What you produce should be the lines from the line containing "Two Cape Folding" through the last line below, both ends included, reproduced exactly and without pictures.
- - - - -
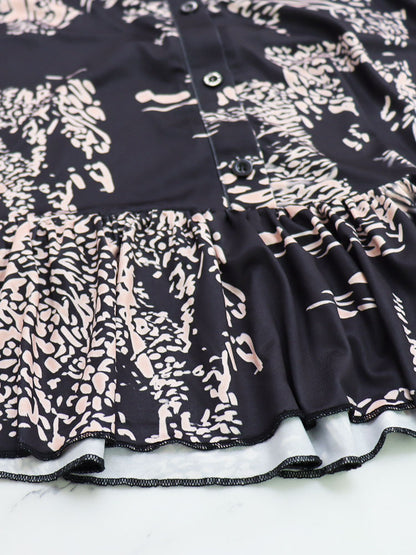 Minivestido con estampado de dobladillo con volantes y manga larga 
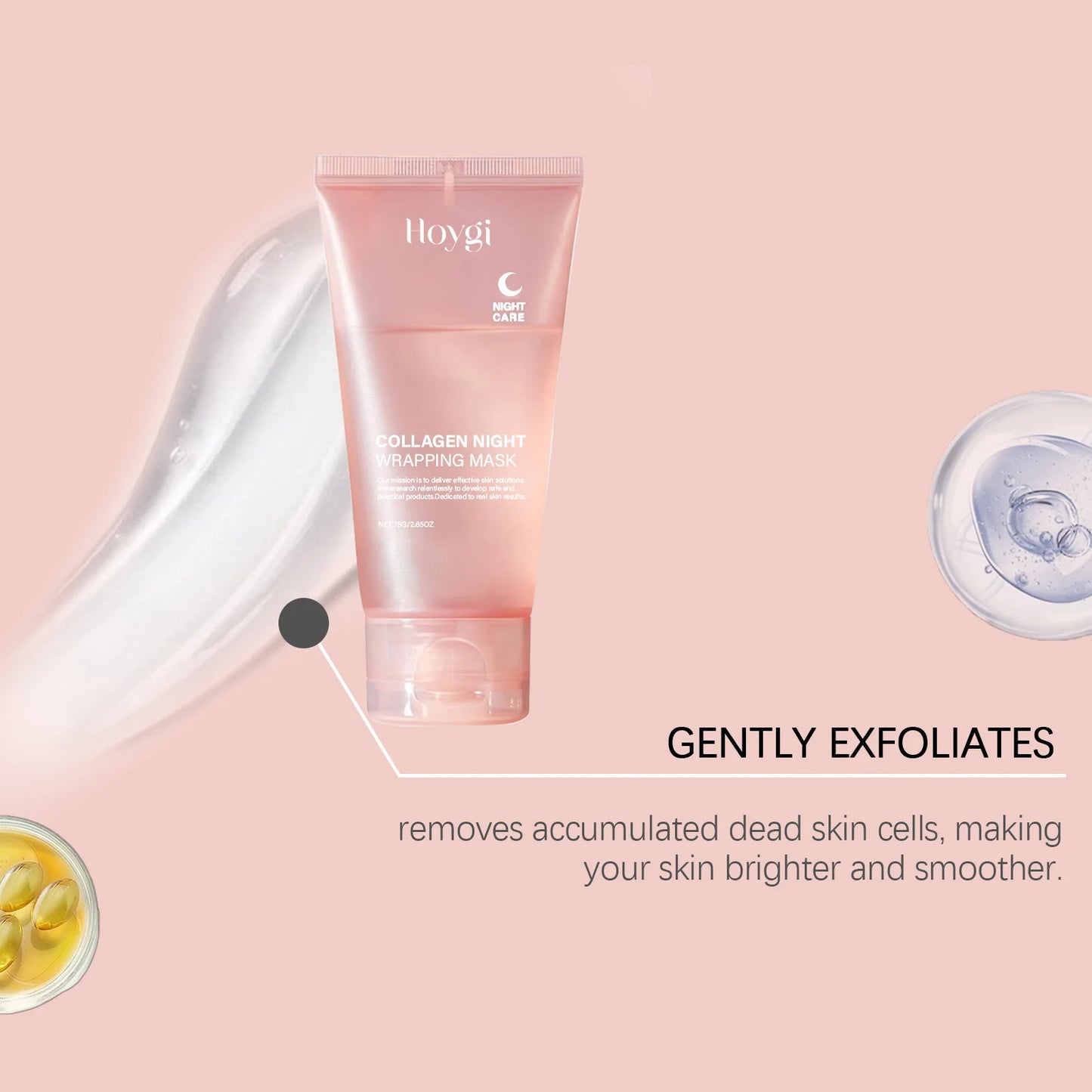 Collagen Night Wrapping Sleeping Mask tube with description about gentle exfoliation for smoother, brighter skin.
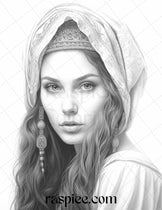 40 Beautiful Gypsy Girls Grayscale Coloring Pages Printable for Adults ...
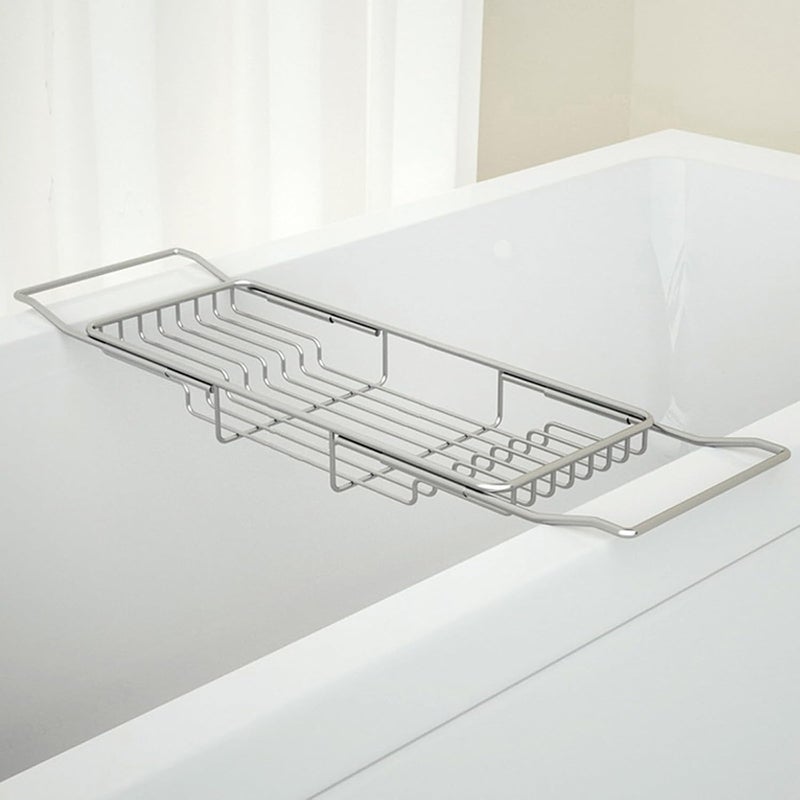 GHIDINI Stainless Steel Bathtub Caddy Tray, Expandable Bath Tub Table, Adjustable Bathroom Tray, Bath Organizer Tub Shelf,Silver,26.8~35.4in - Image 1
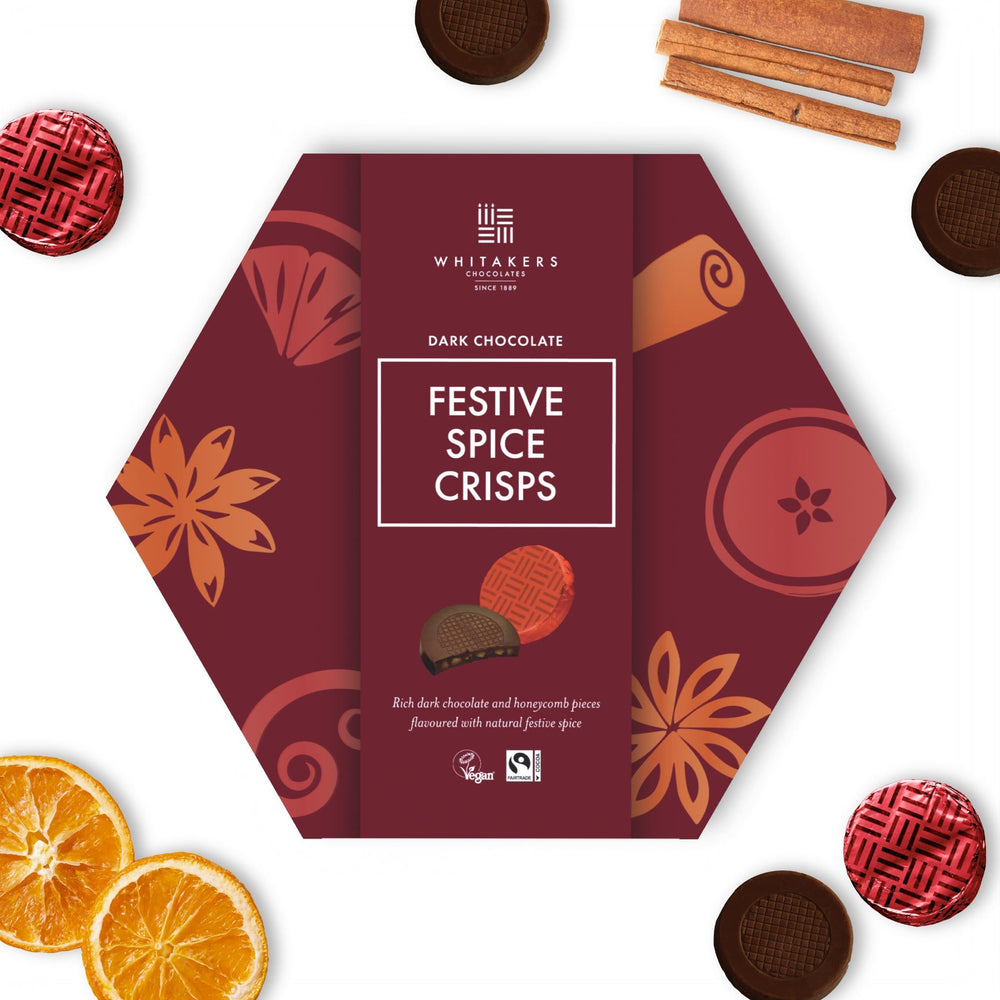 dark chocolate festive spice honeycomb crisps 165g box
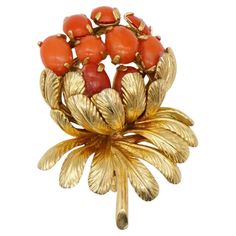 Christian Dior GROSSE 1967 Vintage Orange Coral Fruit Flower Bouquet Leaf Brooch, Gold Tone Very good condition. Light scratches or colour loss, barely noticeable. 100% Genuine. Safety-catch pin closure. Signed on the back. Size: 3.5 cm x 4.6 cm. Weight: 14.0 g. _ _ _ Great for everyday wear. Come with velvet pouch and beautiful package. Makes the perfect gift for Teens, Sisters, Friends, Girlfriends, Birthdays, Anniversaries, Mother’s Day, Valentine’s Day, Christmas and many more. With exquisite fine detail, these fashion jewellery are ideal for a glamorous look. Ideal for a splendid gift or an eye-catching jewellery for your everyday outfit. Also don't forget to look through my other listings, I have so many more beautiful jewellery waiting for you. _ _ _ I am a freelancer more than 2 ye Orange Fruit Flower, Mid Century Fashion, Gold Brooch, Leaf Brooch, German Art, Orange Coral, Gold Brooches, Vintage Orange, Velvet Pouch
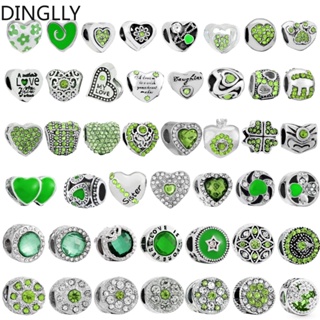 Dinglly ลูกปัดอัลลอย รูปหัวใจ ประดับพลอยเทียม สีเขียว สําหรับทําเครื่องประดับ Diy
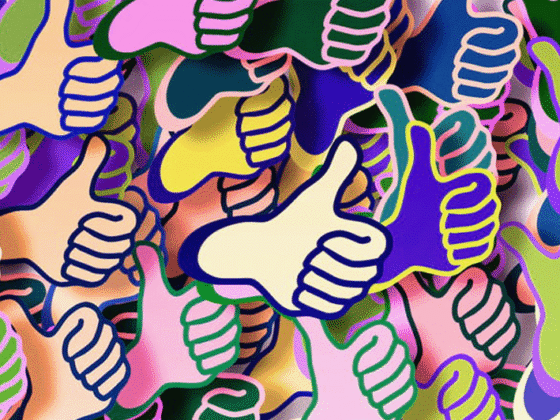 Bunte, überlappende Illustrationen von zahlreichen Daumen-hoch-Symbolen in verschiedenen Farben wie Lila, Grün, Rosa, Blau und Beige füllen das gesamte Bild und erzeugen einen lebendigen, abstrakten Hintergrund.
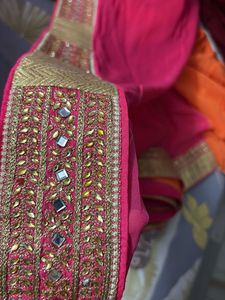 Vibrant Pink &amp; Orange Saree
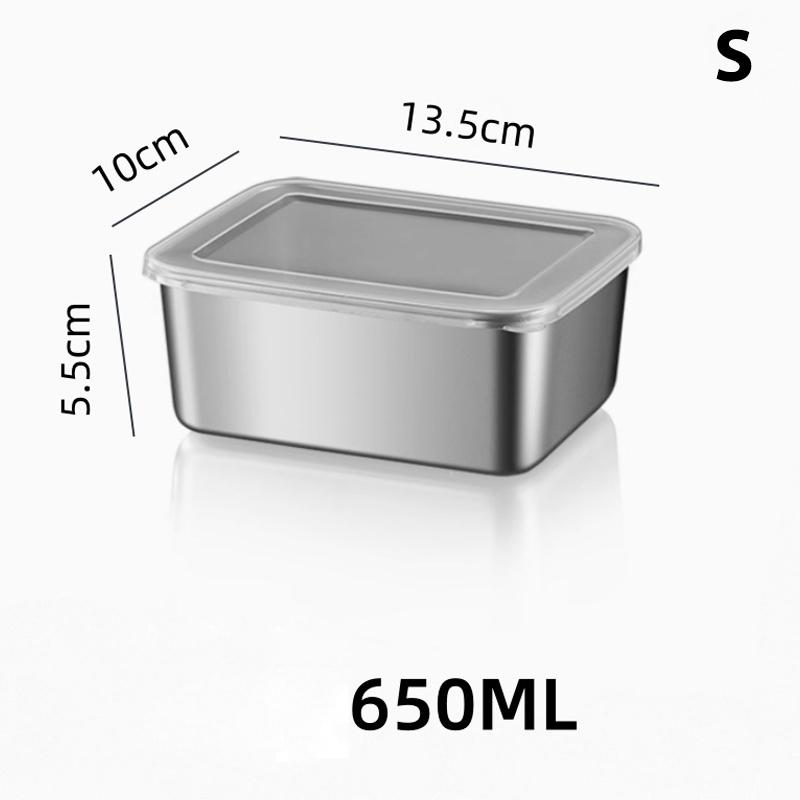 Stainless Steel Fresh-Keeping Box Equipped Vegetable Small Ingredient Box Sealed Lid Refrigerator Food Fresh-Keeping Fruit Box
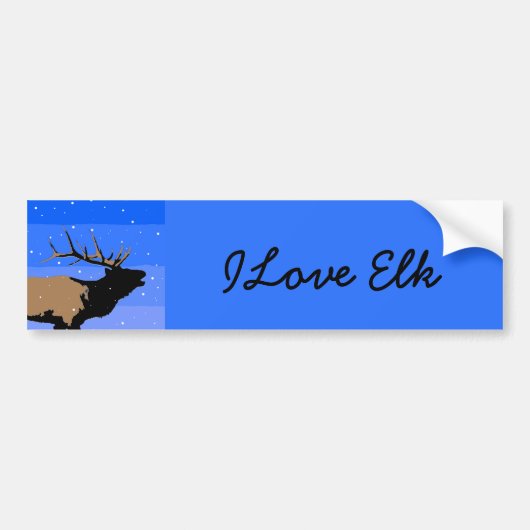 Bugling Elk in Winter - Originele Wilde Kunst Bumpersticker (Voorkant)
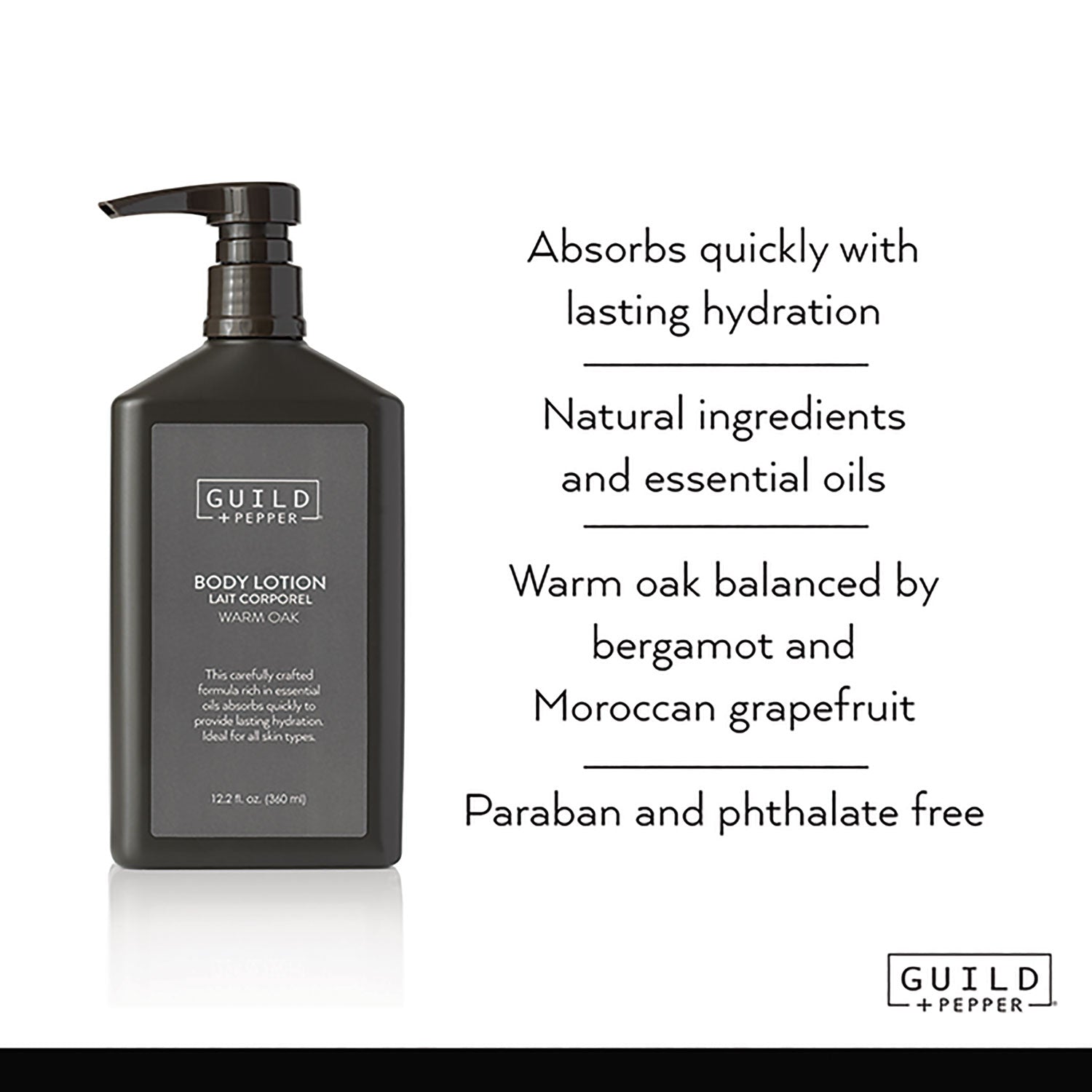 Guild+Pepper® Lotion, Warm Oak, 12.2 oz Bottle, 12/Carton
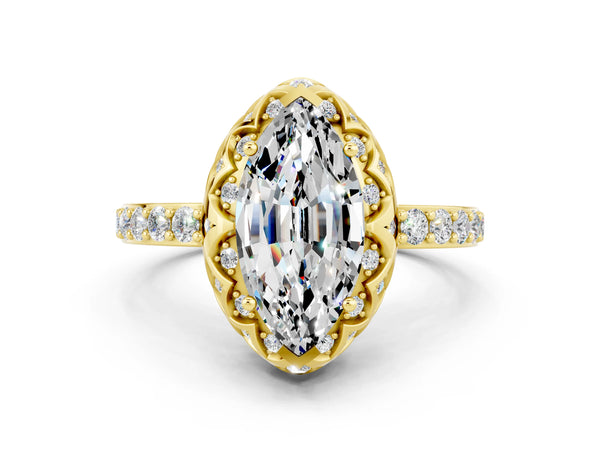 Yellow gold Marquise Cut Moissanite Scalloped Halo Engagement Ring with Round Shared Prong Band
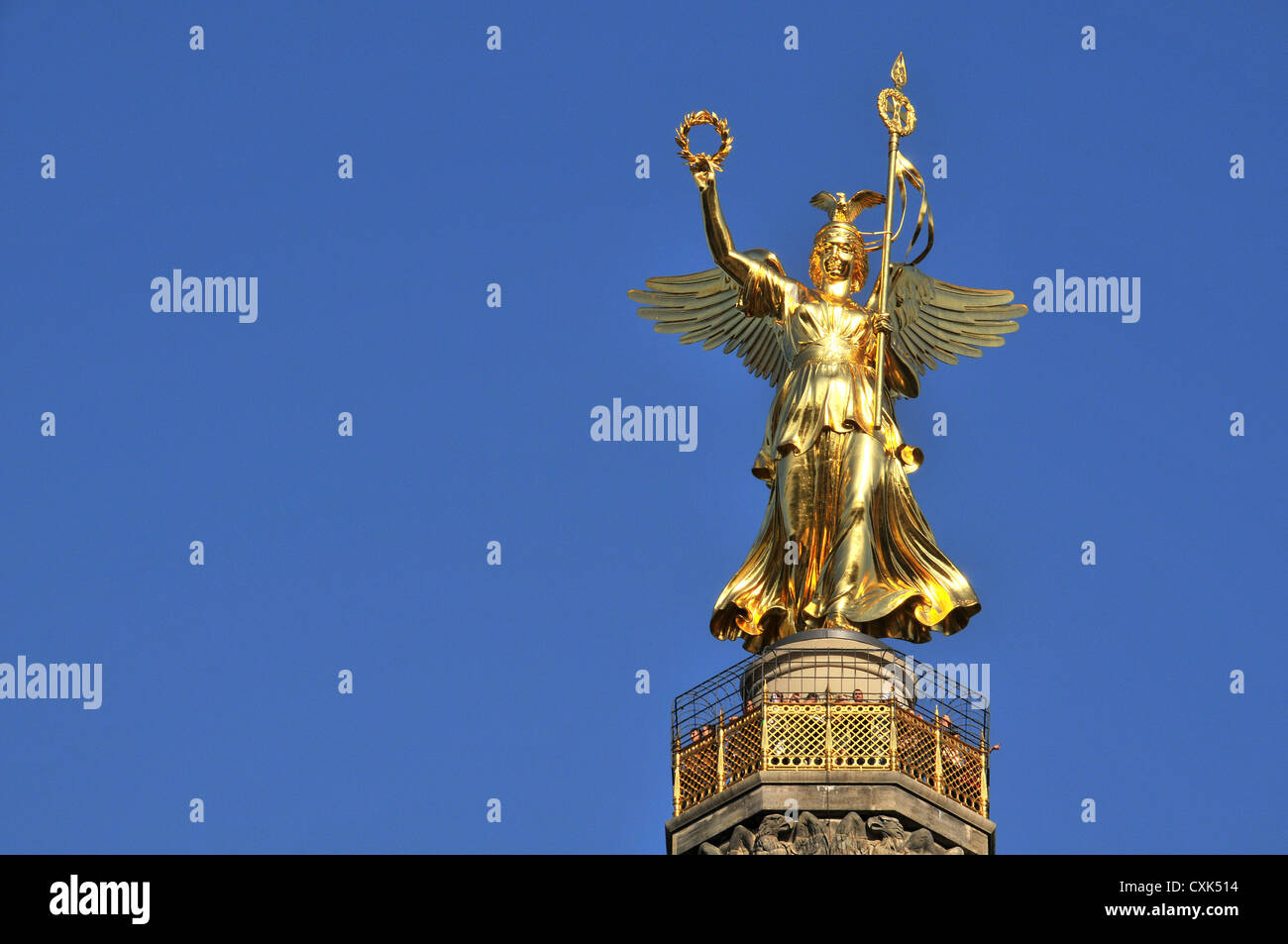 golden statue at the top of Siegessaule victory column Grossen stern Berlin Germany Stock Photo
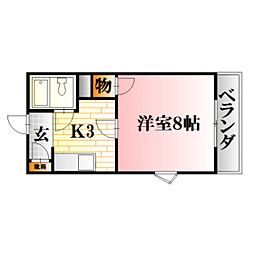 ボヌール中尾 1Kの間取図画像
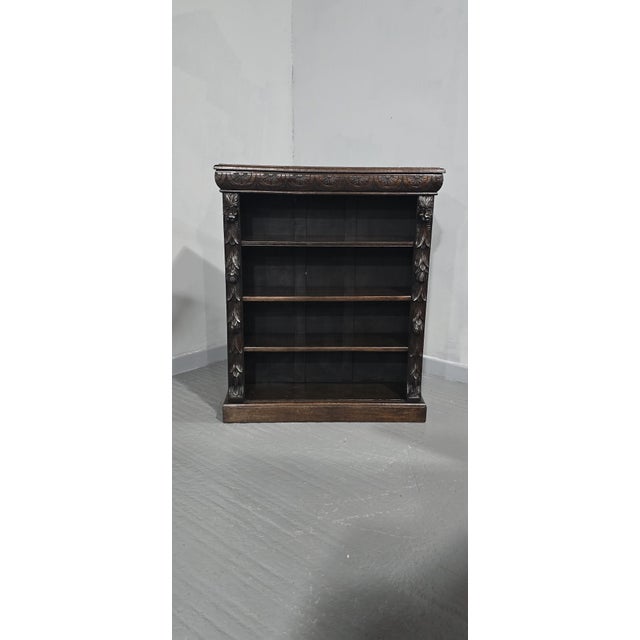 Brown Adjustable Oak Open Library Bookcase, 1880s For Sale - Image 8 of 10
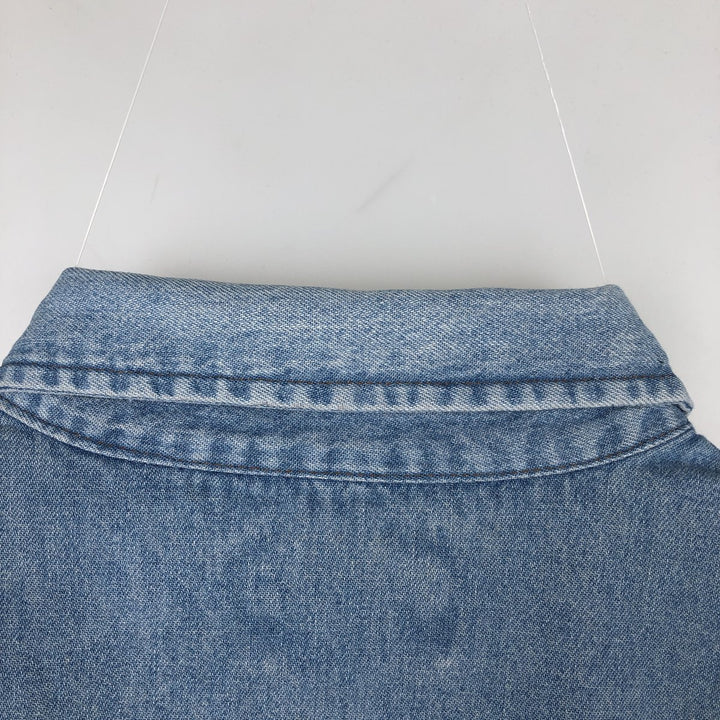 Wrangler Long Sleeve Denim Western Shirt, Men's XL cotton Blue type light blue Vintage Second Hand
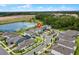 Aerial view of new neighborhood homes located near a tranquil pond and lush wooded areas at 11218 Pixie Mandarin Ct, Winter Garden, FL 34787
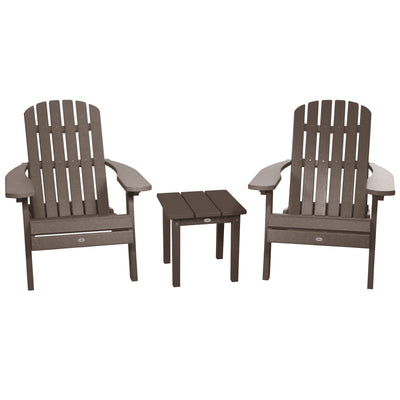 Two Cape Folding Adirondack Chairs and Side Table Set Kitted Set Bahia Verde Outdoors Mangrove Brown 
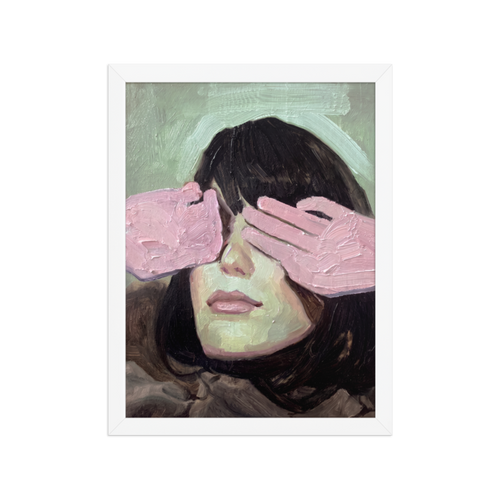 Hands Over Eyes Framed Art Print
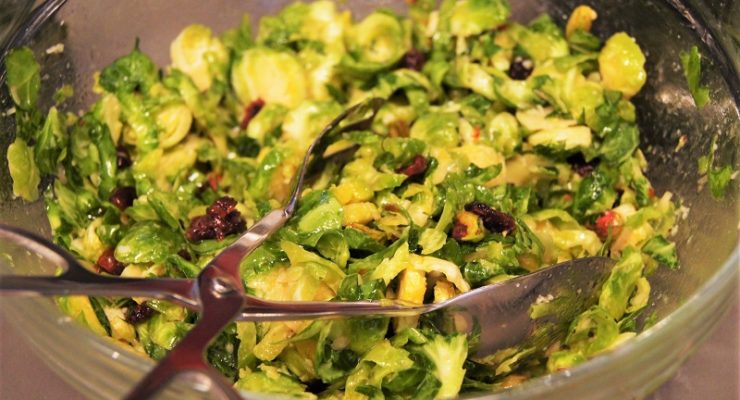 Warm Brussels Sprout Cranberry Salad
- - - - -
§ **ANSWER BOX**
 Two Cape Folding Adirondack Chairs and Side Table Set Kitted Set Bahia Verde Outdoors Mangrove Brown 
 Hands Over Eyes Framed Art Print
 Warm Brussels Sprout Cranberry Salad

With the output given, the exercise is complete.